EXERCISE DATA →
○ ○ ○ ○ ○
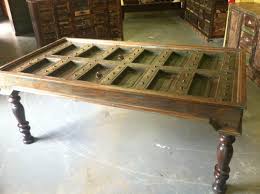 Dining Tables And Chairs The Green Door Company Table Dining Table Chairs Table And Chairs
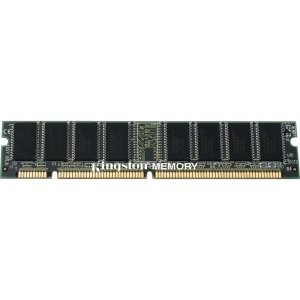 Server MEmory 2GB KTM-SX313LVS/2G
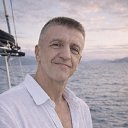 ���� ����, ����, 49 ��� - ��������� 21 ������� 2026 � ������ ���� ����������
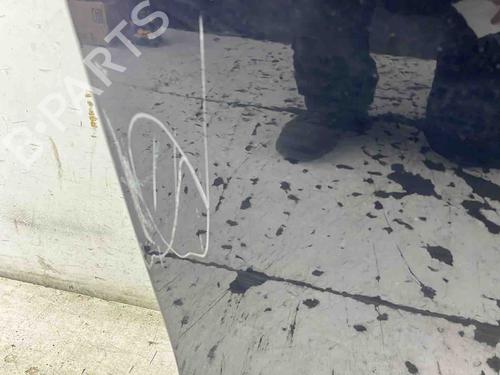 Used Right front door Right front door VOLVO V40 Hatchback (525) D2 (114 hp) 36480491 36480491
○ ○ ○ ○ ○
THE TASK →
Only the lines from the one containing "Server MEmory 2GB KTM-SX313LVS/2G" through the last line of the data may appear in the answer, each given again exactly and with pictures left out.

WRITTEN RESPONSE →
 Server MEmory 2GB KTM-SX313LVS/2G
 ���� ����, ����, 49 ��� - ��������� 21 ������� 2026 � ������ ���� ����������
 Used Right front door Right front door VOLVO V40 Hatchback (525) D2 (114 hp) 36480491 36480491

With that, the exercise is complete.